L’emergenza-urgenza resta, infatti, è uno dei punti più critici, soprattutto al Sud, dove il Pronto soccorso rappresenta spesso l’unico approdo per i cittadini. In questi luoghi, la fatica quotidiana, la carenza di risorse e il senso di abbandono istituzionale hanno scavato a fondo, alimentando una crisi vocazionale che spinge sempre più giovani medici e infermieri a non scegliere, o ad abbandonare, la prima linea.
Come ha sottolineato la Corte dei Conti, si tratta del: “Settore più esposto anche a episodi ricorrenti di aggressione al personale sanitario”.
In Sicilia, questa crisi è particolarmente evidente. I piani straordinari annunciati dall’assessorato regionale alla Salute non bastano. I pronto soccorso sono congestionati. I medici di continuità assistenziale spesso operano da soli. La rete del 118, pur straordinaria secondo gli ultimi dati nazionali, è costantemente sotto pressione. Il sistema nel suo complesso è sempre più fragile. E rischia seriamente il punto di rottura.
Proprio su questi temi arriva una replica lucida e appassionata da chi, ogni giorno, regge il peso del territorio: i medici di medicina generale (MMG).
“Il vero capestro oggi non è il massimale o il numero di ore in ambulatorio, ma la difficile congiuntura del rapporto fiduciario tra medico e paziente, che è il fondamento stesso della medicina generale”, commenta Francesca Taormina, della FIMMG di Palermo, in risposta ai richiami della Corte dei Conti.
“Noi medici di Medicina generale continuiamo ad essere presenti, attivi, attenti, nonostante un carico di lavoro che ha eroso ogni margine di pausa. Eppure, il nostro sforzo si infrange contro un sistema spesso disallineato – racconta -. Inviamo i pazienti con una diagnosi sospetta al secondo livello di cure, ma spesso ce li ritroviamo con richieste di esami, senza che vengano redatte le ricette del SSN. Gli accertamenti, inoltre, sono consigliati su moduli prestampati, con voci da barrare, spesso sovrabbondanti, inutili o persino invasivi. Tutto questo avviene senza un vero confronto clinico. Il risultato? Nessuna risposta concreta per il paziente, un carico economico che grava su di noi e sul sistema, e un ulteriore allungamento delle liste d’attesa”.
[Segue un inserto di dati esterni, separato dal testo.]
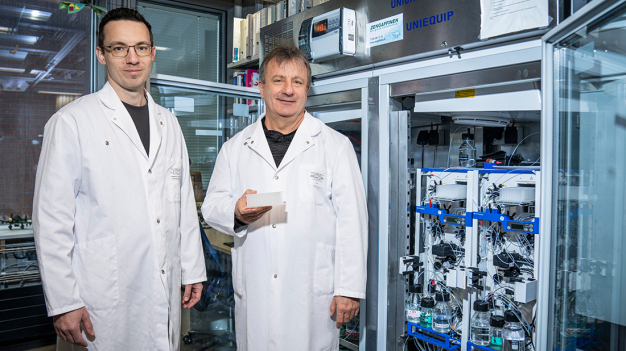 Volodymyr Korkhov (links) und Richard Kammerer des Zentrums für Life Sciences am PSI haben einen wichtigen Schritt gemacht, um zu verstehen, wie Botulinum Neurotoxin, kurz Botox, in unsere Nervenzellen eindringt. © Paul Scherrer Institut PSI/Mahir Dzambegovic / Volodymyr M. Korkhov (left) and Richard Kammerer of the Center for Life Sciences at PSI have made important advances towards understanding how botulinum neurotoxin, botox for short, enters our nerve cells. © Paul Scherrer Institute PSI/Mahir Dzambegovic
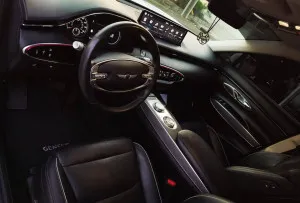2022 Genesis GV70 2.5T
“Dalla pandemia in poi abbiamo assicurato tutto – racconta –. Ai pazienti non è mai mancato un farmaco. Eravamo operativi mentre altri erano chiusi, anche per i certificati di isolamento e di liberazione che andavano alla prefettura e alla polizia, a qualsiasi giorno ed ora. Da allora, per l’uso improprio dei mezzi informatici, tra mail e WhatsApp, siamo diventati ostaggio di una sarabanda di impegni e comunicazioni. Tutto è diventato urgente, immediato, ingestibile”.
Le criticità non sono solo cliniche, ma anche burocratiche, sottolinea: “Brancoliamo tra TAC, richieste inappropriate e prontuari disallineati, mentre siamo costretti ad assumere anche compiti amministrativi che potrebbero svolgere persone con una terza media, come il rinnovo dei presidi su piattaforme che non funzionano. Non è questa la medicina del territorio che serve”.
“Non possiamo continuare a essere i soli a reggere il peso dell’assistenza territoriale. È ora che ognuno faccia la sua parte, senza se e senza ma. Noi MMG siamo la spina dorsale del sistema, ma non possiamo più far fronte da soli a un carico di lavoro ormai insostenibile”, conclude Taormina.
Il monito, insomma, è duplice: servono investimenti strutturali, ma anche un riequilibrio delle responsabilità nel sistema. Perché senza il coinvolgimento reale di ogni attore, istituzioni, specialisti, strutture e cittadini, la medicina territoriale non può che rimanere un’idea incompiuta.